Sponsors of defined-benefit plans may be able to dramatically lower their minimum required contributions, at least in the short term, under a provision buried in a mostly unrelated bill signed into law last July. The opportunity, however, may have escaped the attention of CFOs at some plan-sponsoring companies.
The Moving Ahead for Progress in the 21st Century Act (MAP-21), which provided $105 billion for improving the country’s surface-transportation infrastructure, also changed the basis for calculating plan sponsors’ minimum contributions for a particular year.
Before the law was passed, sponsors (or their independent actuaries) performing the annual valuation of a plan’s future liabilities and calculating minimum annual contributions were required to use a two-year rolling average of interest rates for AA-rated corporate bonds. That has been draining sponsors’ coffers. With the historically low interest rates in recent years having severely depressed pension plans’ investment income, the sponsors have had to greatly increase their contributions in order to meet the actuarially calculated minimum contributions.
But MAP-21 provides that instead of using average bond-interest rates over the previous two years, plan sponsors can use average rates over the previous 25 years to calculate minimum contributions. Were it not for the change, plan sponsors would have had to base the calculation on a rate of about 4.5% for 2012, according to Bobby Marks, executive vice president of Madison Pension Services, an actuarial firm. The change allowed them to base the calculation on a rate of about 7%, reflecting the much higher interest rates that prevailed for most of the 25-year period.
“So far, we have seen minimum required contributions for 2012 reduced by as much as 33%,” says Marks. And plans with healthy funding ratios (the plan’s assets expressed as a percentage of the plan’s future liabilities), such as 90%, might actually be able to avoid minimum contributions entirely for a few years, he adds.
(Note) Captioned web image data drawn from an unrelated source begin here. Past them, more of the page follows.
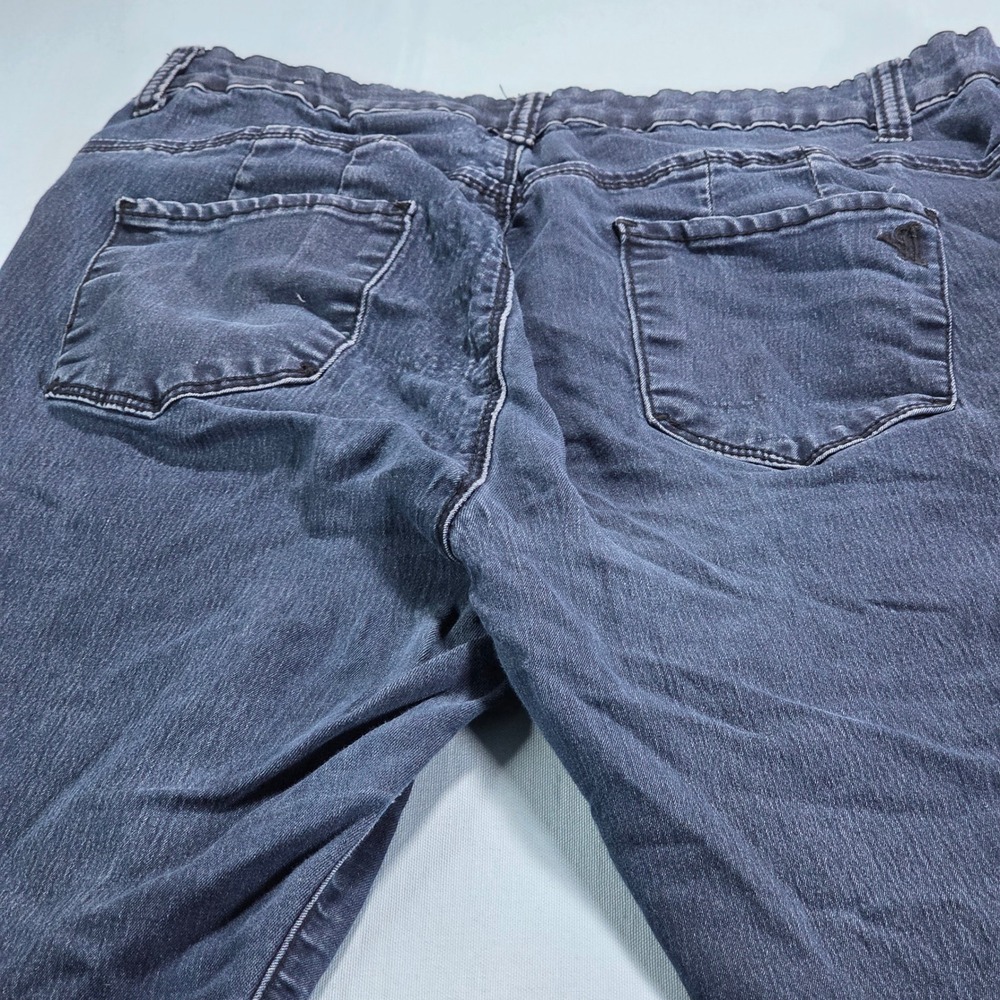 VIP Jeans Womens Size 15/16 Dark Wash Stretch Denim Regular Fit Style 2-7315S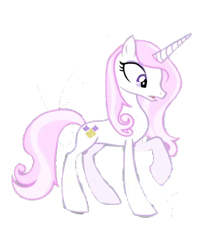 Size: 520x644 | Tagged: safe, artist:wonderschwifty, edit, edited screencap, imported from derpibooru, screencap, fleur-de-lis, pony, unicorn, female, mare, not a vector, raised hoof, simple background, solo, transparent background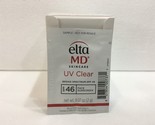 EltaMD UV Clear  Broad-Spectrum SPF 46  0.07oz x 40pcs  EXP: 05/25 - $15.83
Using the 25-year average interest rate was optional for 2012; starting with 2013 it will be mandatory. Many plan sponsors have already calculated their minimum required contributions for 2012 using the old method of establishing interest rates, but MAP-21 allows them to recalculate that minimum using the new, more favorable method. Contributions for 2012 plan years are not required to be made until September 15 of this year.
But some CFOs working for companies that sponsor traditional pension plans may not necessarily be aware of the potential windfall, says David Gensler, Madison’s president. “Actuaries know about it, but I don’t know that we’ve done a great job of reaching out to our clients, because we know it’s going to be mandatory for 2013 anyway. I’m not sure how many CFOs of plan sponsors realize that 2012 is a year for which you get a do-over. Most CFOs are hardly experts on pensions.”
What’s more, the pension provision was stuck without fanfare in the middle of a transportation-funding bill. There’s apparently no connection between pension funding and infrastructure funding, other than Congress’s usual desire to make funding bills as revenue-neutral as possible. In this case, the thinking seems to be that if companies reduce their pension obligations, their bottom lines will rise and they’ll pay more corporate income taxes.
The size of plan sponsors’ windfall will diminish during the next few years, though. For 2012, the interest rate used to calculate minimum calculations is actually 90% of the 7% 25-year average. Then the rate to be used will be 85% of the applicable 25-year average for 2013, 80% for 2014, 75% for 2015, and 70% for 2016 and thereafter. “The impact of MAP-21 will diminish,” says Marks.
And in the event interest rates finally recover to the point that the 25-year average isn’t higher than the 2-year average would have been, the impact of the law will turn negative for plan sponsors.
Further, it must be remembered that only the minimum contributions for particular years are affected, and not the total amount that must be contributed over time. “For a while you buy yourself higher interest rates and lower contributions, but ultimately the plan still owes what it owes,” says Gensler. “It’s kicking the can down the road. The hope is that down that road, the company will have grown and be in a stronger cash position.”